3rd quarter earnings’ season kicked off after hours with Alcoa yesterday, stock is smacked today
Alcoa (AA), America’s biggest steel & aluminum producer got smacked on the face by investors’ dollars today because of their down outlook. Alcoa’s stock price (and all stock prices, for that matter) is forward looking (in other words, what you’ve done lately means squat). Future earnings lead to future dividends, which any textbook will tell you is the true value of a stock. Future earnings potential drives a stock’s price, and Alcoa’s warning that growth in steel consumption will fall globally from 7% to 6% killed the stock’s popularity (maybe a another Ironman movie would help). Although revenues (sales in the cash register, before any costs) & earnings (profit, baby) both beat expectations, shares slipped 4.6% today on the downwardly revised demand outlook for steel. We’ve worried all summer/fall about China’s slowing growth, and Alcoa’s drop today is where it actually affects shareholders directly. Investors are expecting revenues and earnings to fall this quarter for the 500 companies of the S&P 500 for the first time since 2009…Chevron (CVX) and other stocks most tied to economic growth fell the most today.
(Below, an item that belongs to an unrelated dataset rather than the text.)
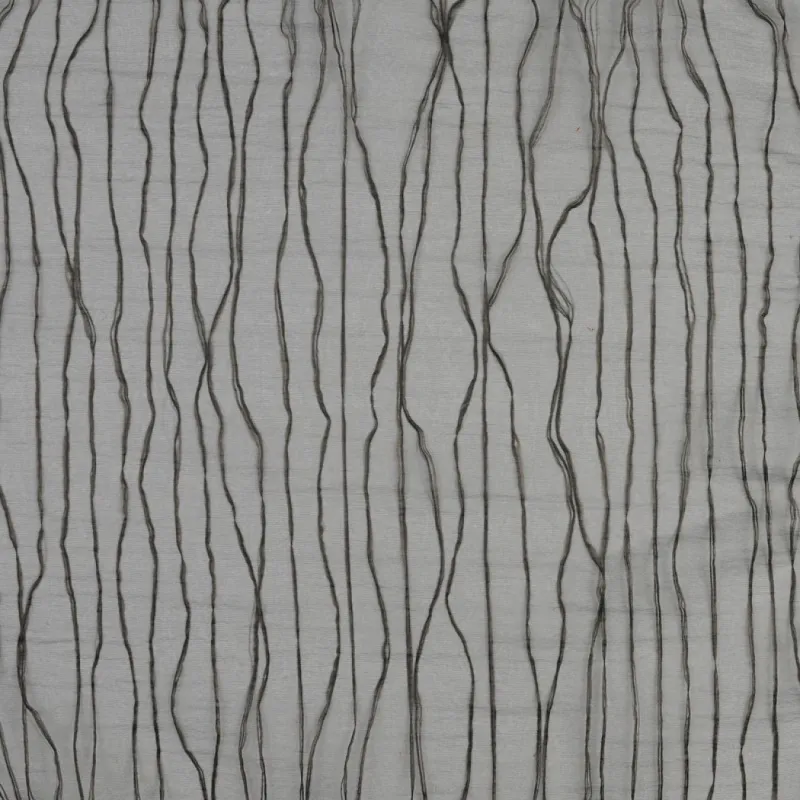 Ткань Nobilis Jeux de Lumiere 10188_83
The Fed’s “Beige Book” details “moderate” US economic growth
Eight wonderful times a year, the Federal Reserve, releases its “Beige Book,” analyzing the state of the economy. It’s basically like 50 Shades of Grey for central bank buffs who want to know about the health of various sectors, from car sales to manufacturing. The previous beige book released in July described a “modest to moderate” pace of economic growth and today’s report confirmed that the economy has grown “modestly” since then (the writers aren’t that creative with synonyms). The highlight of the report was the improvement in residential real estate – the housing market that tanked in ’08 has finally started bottoming out this summer and investors are excited by any signs that specific parts of it are getting better. Interestingly, even though the book noted that the economy “generally expanded” and despite the Fed’s recent stimulus effort, investors were not super impressed, selling stocks after its release. Global growth slowdown concerns are real, man.
Tomorrow:
- Weekly Jobless Claims and a couple of Federal Reserve Presidents speak.
- Should be plenty of econ data and policy speeches to psyche you up for Ryan v. Biden – the VP debate in Kentucky.
- Spain got downgraded by S&P ratings agency to BBB-, one notch below the embarrassing “junk” status – Will markets react to this mostly expected downgrade, or is it already baked into prices?